Iterate for each possible distance from 1 to the maximum distance, i.e., max(POS)-min(POS) and call the function to check if the arrangement is possible.
For each distance, start placing cows from the 1st position and check if curr_pos - prev_pos >= distance.
If it is possible to place the cow in that position, update the previous position as the current position and check further.
Update the count whenever we place a cow; if count >= number of cows, the arrangement is possible.
Repeat the same steps for the next distance.
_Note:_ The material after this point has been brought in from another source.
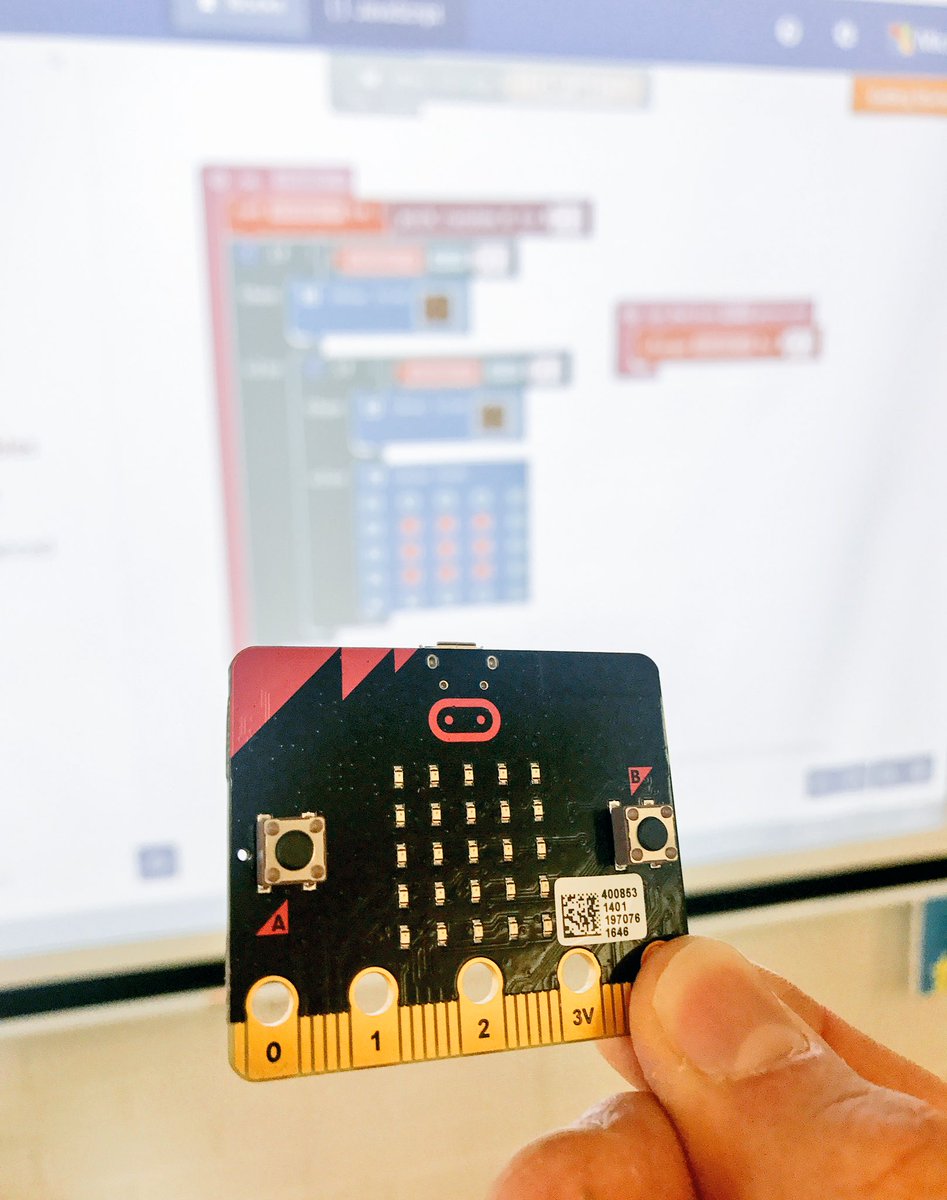 JanneKuronen's tweet photo. Let's code! #microbit #education #digiloikka #kajaani @Innokas_ https://t.co/YQcy6Kvy4i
Stop when it is not possible to arrange and return the answer.
Dry Run
Suppose the following input is given:
Cows = 3
Positions = [ 1, 3, 5, 6, 10 ]
Let’s see the arrangement of cows for each possible distance.
Minimum distance- 1: We can place the first cow at position 1 and the second cow at position 3 as 3-1 >=1. Similarly, the third cow can be placed at position 5. Hence answer can be 1.
Minimum distance- 2: We can place the first cow at position 1 and the second cow at position 3. The third cow can be placed at position 5. Hence answer can be 2.
Minimum distance- 3: We can place the first cow at position 1, the second cow at position 5, and the third cow at position 10. Hence arrangement is possible.
Minimum distance- 4: We can place the first cow at position 1, the second cow at position 5, and the third cow at position 10. Hence answer can be 4.
Minimum distance- 5: We can place the first cow at position 1 and the second cow at position 6, but we can’t place the third cow as the distance will be less than 5. So no arrangement is possible.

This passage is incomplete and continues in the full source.